Exercise inputs: Begin

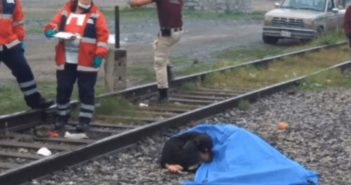 Perro se niega a apartarse del cuerpo de su amo arrollado por un tren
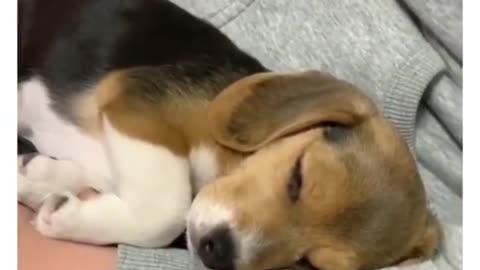 Cute Puppies Doing Cute Things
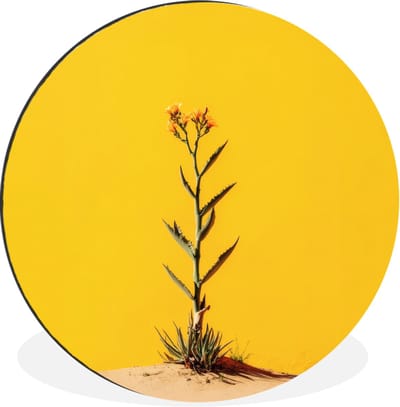 WallCircle - Wandcirkel - Muurcirkel - Zand - Plant - Geel - Minimalitisch - Aluminium - Dibond - 30x30 cm - Binnen en Buiten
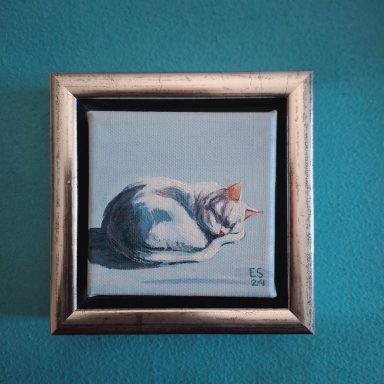 Slapende en opgekrulde witte kat op licht blauwe achtergrond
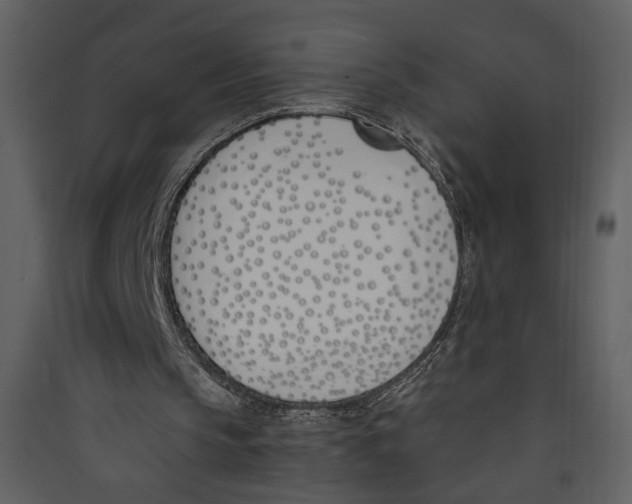 X0000089390145200707131726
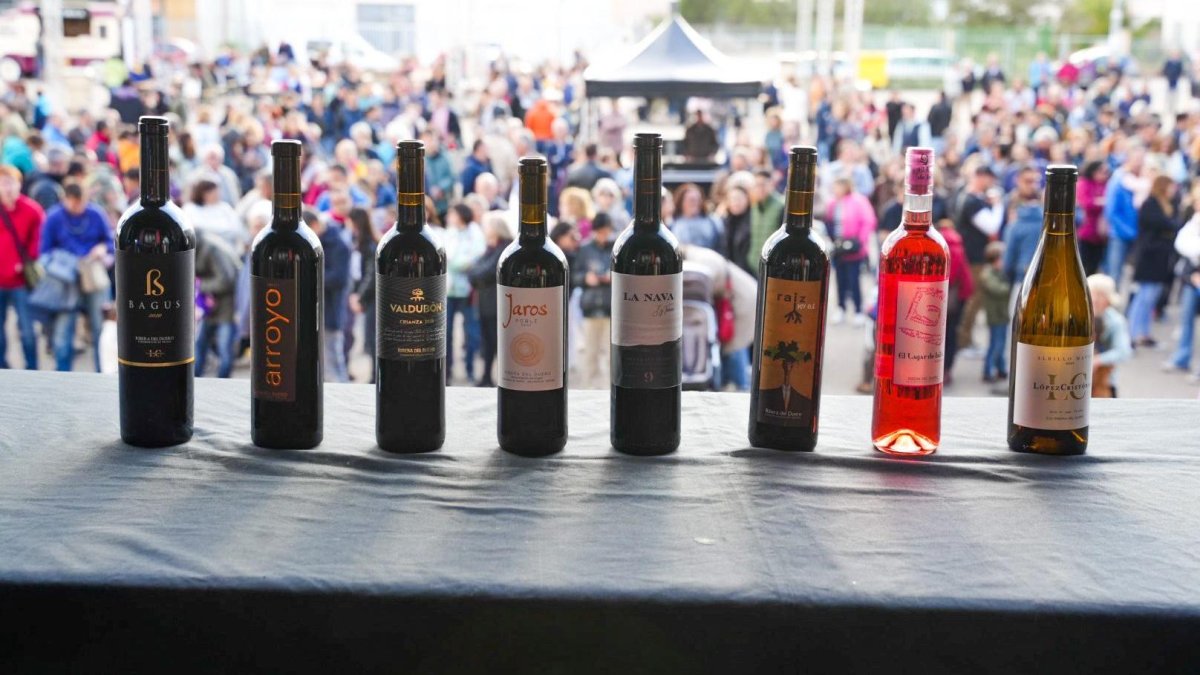 Ganadores de los Premios Envero 2023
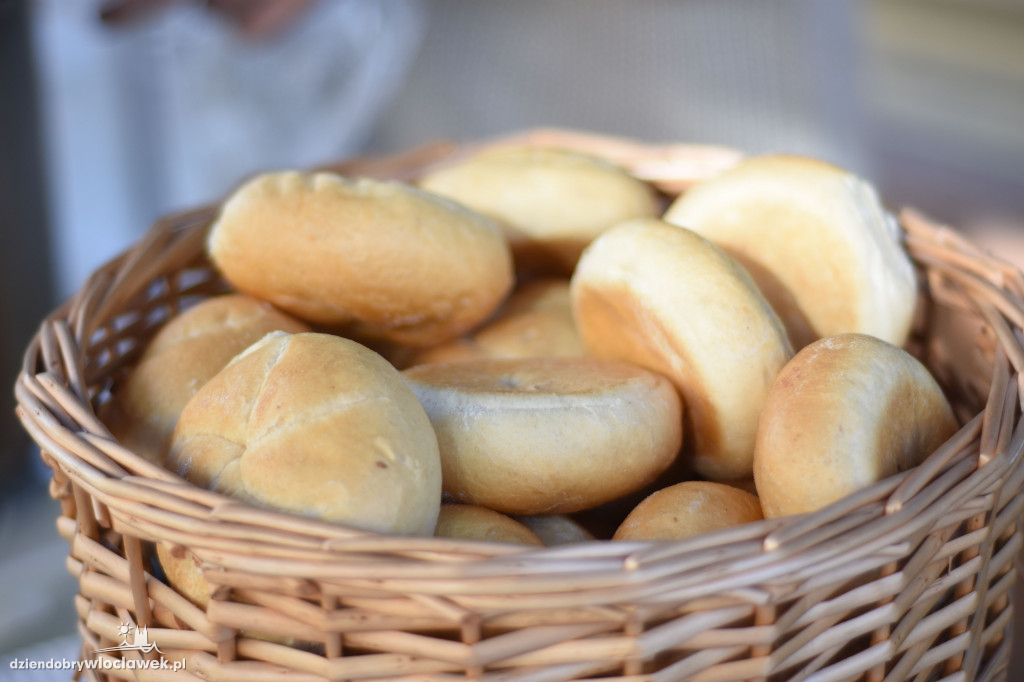 Jesienny piknik rodzinny w Śródmieściu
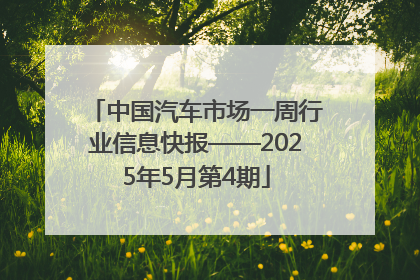 中国汽车市场一周行业信息快报——2025年5月第4期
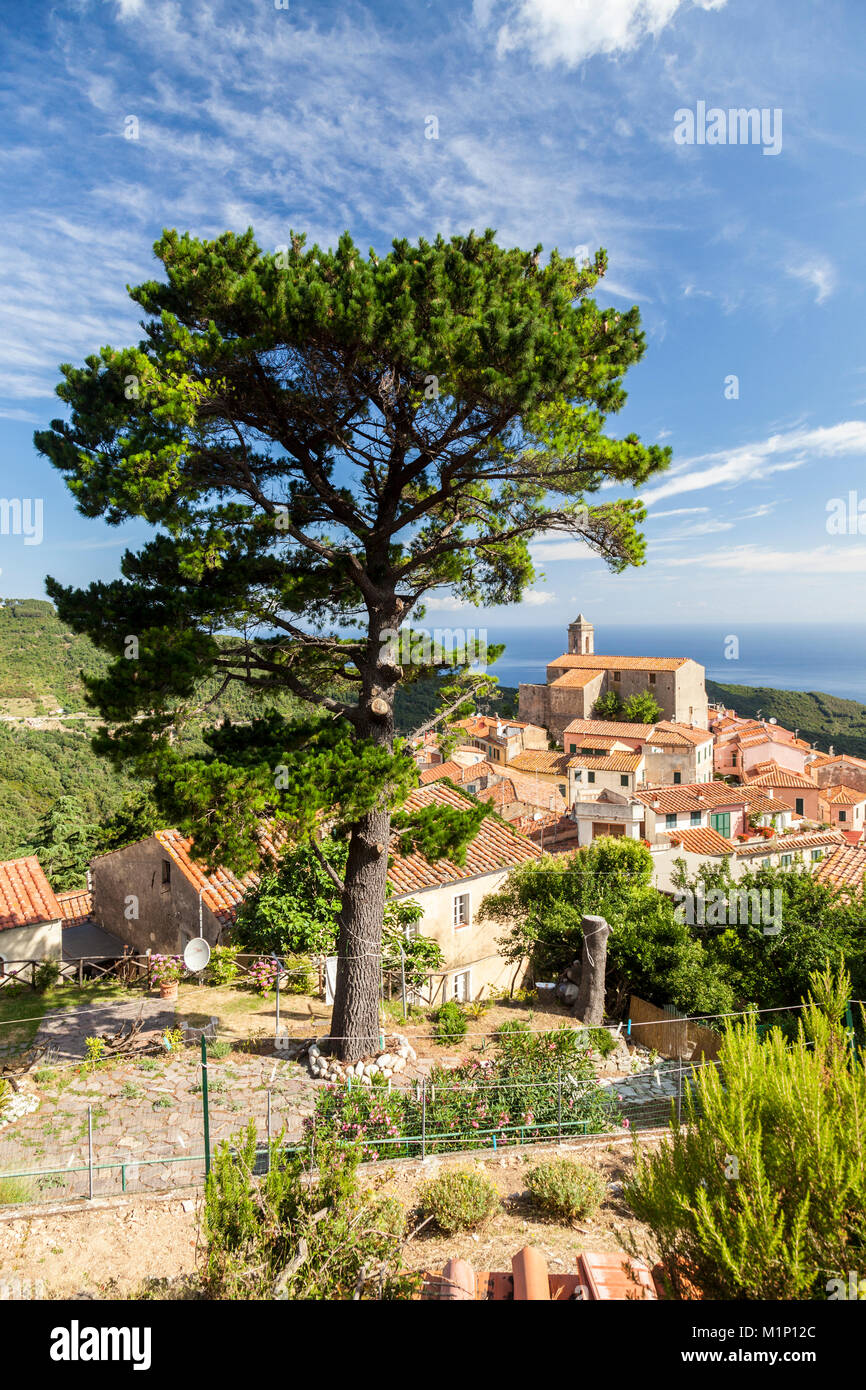 Dorf Poggio auf den Hügeln des Monte Capanne, Marciana, Insel Elba, Livorno Provinz, Toskana, Italien, Europa Stockfoto
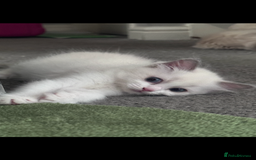 Ragdoll cats for sale: 2 female blue bicoloured ragdolls for sale🤍 - Image 4
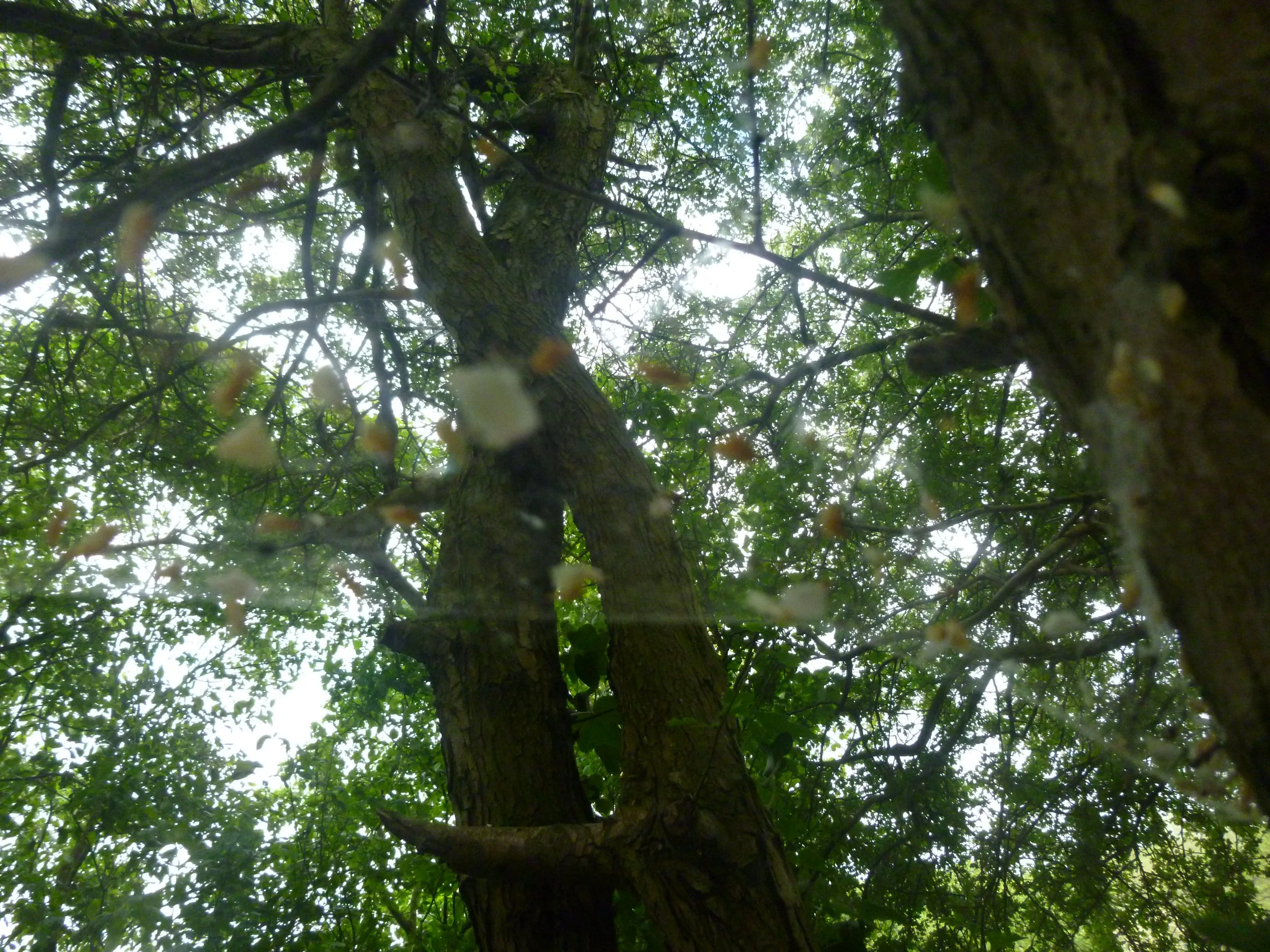cobweb bough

Exercise inputs: End

Your reply should hold only the lines from the one that contains "Ganadores de los Premios Envero 2023" through the last line of the records above, exact and complete, and no pictures.

 Ganadores de los Premios Envero 2023
 Jesienny piknik rodzinny w Śródmieściu
 中国汽车市场一周行业信息快报——2025年5月第4期
 Dorf Poggio auf den Hügeln des Monte Capanne, Marciana, Insel Elba, Livorno Provinz, Toskana, Italien, Europa Stockfoto
 Ragdoll cats for sale: 2 female blue bicoloured ragdolls for sale🤍 - Image 4
cobweb bough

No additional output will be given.